Todos os anos, por esta altura, lá vem aquele lembrete simpático: “Consigne 1% do seu IRS – não custa nada!”. Literalmente. É mesmo isso: não custa, não se paga, não se perde. E ainda assim, em Portugal, a maioria das pessoas… não consigna.
Segundo dados da Autoridade Tributária, em 2023, menos de 30% dos contribuintes portugueses indicaram uma entidade para receber o seu 1% de IRS. O número tem vindo a crescer ligeiramente nos últimos anos, mas continua longe do seu potencial. Estamos a falar de milhões de euros que poderiam estar a ajudar quem precisa, e que simplesmente… ficam por aí, perdidos na burocracia do anonimato fiscal.
Um estudo da Universidade do Minho, de 2022, tentou perceber este fenómeno e concluiu que muitos contribuintes não sabem que podem consignar, acham que dá trabalho, ou não confiam nas instituições. Mas o mais curioso é outro dado: muitos admitem que até sabiam, mas “esqueceram-se”.
Esquecem-se. Não por má vontade — apenas porque a solidariedade, infelizmente, ainda não está embutida na rotina. É um clássico dilema de comportamento social. Não é que sejamos indiferentes. É que somos… distraídos, ocupados, e muitas vezes presos à ideia de que ajudar exige grande esforço — mesmo quando não exige.
O comportamento social é claro: quando algo não nos afeta diretamente, tendemos a desprioritizar. Chamam-lhe “distanciamento emocional”. E neste caso, tem um custo real.
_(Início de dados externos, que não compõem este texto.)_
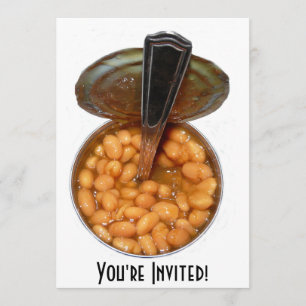 Gebackene Bohnen in der Blechdose mit Löffel Einladung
Quanto mais abstrata ou distante nos parece uma situação (como um idoso isolado do outro lado do país, ou uma família em dificuldades que nunca vimos), menos provável é que reajamos. Mesmo que o custo de ajudar seja… clicar numa caixa no IRS.
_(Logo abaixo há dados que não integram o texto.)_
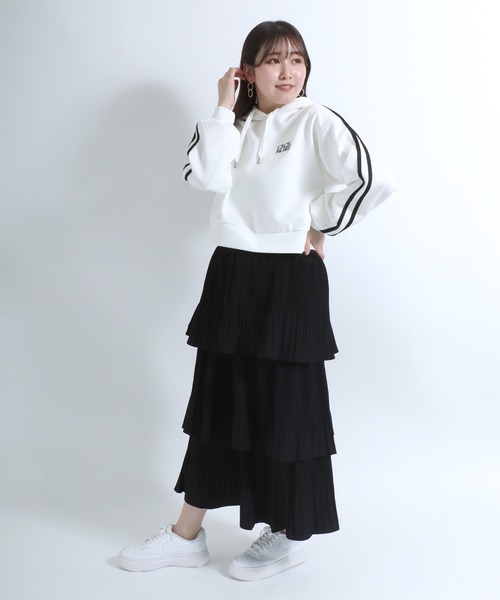 CECIL McBEE（セシルマクビー）の「CECIL McBEE（セシルマクビー）ワンポイントロゴ サイドライン スウェットパーカー レディース/プルオーバートップス/フーディー（パーカー・レディース・オフホワイト/ブラック・M/L）」の10枚目の写真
Outro fator? A “sobrecarga de escolha”. Quando abrimos o campo da consignação e vemos uma lista de dezenas de instituições, é fácil pensar “não sei qual escolher”, fechar a janela e seguir com o resto da declaração. Resultado? Ninguém recebe nada.
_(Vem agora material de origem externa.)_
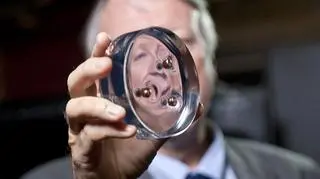 Krążek z nowego superpolimeru po "testach postrzałowych"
Mas e se pensássemos nos nossos vizinhos? A Cruz Vermelha Portuguesa está a tentar inverter esta lógica com uma pergunta simples: “Quantos vizinhos conhece pelo nome?” A campanha #APortaAoLado quer precisamente isso — quebrar essa tal distância psicológica e lembrar-nos que a pobreza, o isolamento, a solidão… não estão assim tão longe. Estão ao virar da esquina.
A instituição alerta para que em dois anos, os pedidos de ajuda cresceram 126%. E mais de 500 mil idosos vivem sozinhos em Portugal, um número que cresce 2% todos os anos. E estamos a falar de situações reais, aqui, no nosso bairro.
É uma sacudidela gentil à nossa bolha diária. E uma chamada à ação. Porque quando escolhemos consignar o nosso 1%, no caso da Cruz vermelha, estamos a ajudar a financiar programas concretos como o Cartão Dá CVP, que permite às famílias comprar comida com dignidade, sem filas nem cabazes. Ou o Programa Mais Feliz, que acompanha pessoas em risco de exclusão social de forma estruturada e continuada. Mas há uma panóplia sem fim de outras instituições que trabalham diferentes causas, com medidas que faz sentido conhecer.
A psicologia social diz-nos que a maioria das pessoas quer ajudar — só precisa de sentir que o seu gesto é útil e que vai realmente fazer a diferença. É por isso que falar sobre o 1% importa. Porque se cada um de nós trouxer esta conversa para o café, para o grupo de amigos, para o almoço de domingo, podemos mesmo virar a maré.
No fim de contas, ajudar não tem de doer. Pode ser simples, rápido… e até automático. Quando dizemos que “1% faz a diferença”, não é um cliché. É mesmo a matemática da solidariedade em ação.
E porque é que ainda não fazemos isto em massa? Talvez por falta de hábito. Ou por pensarmos que é complicado. Ou, simplesmente, porque nunca ninguém nos explicou o impacto real.
Mas aqui está a boa notícia: estamos em abril, e ainda vamos muito a tempo de mudar. A consignação do IRS é fácil, gratuita e pode ser feita em menos de um minuto. Basta indicar o NIF da Instituição que quer apoiar (no caso da Cruz Vermelha Portuguesa: 500 745 749).
E este ano, em vez de dizer “fica para o ano”, porque não clicar naquela caixinha e ajudar quem vive mesmo ao nosso lado?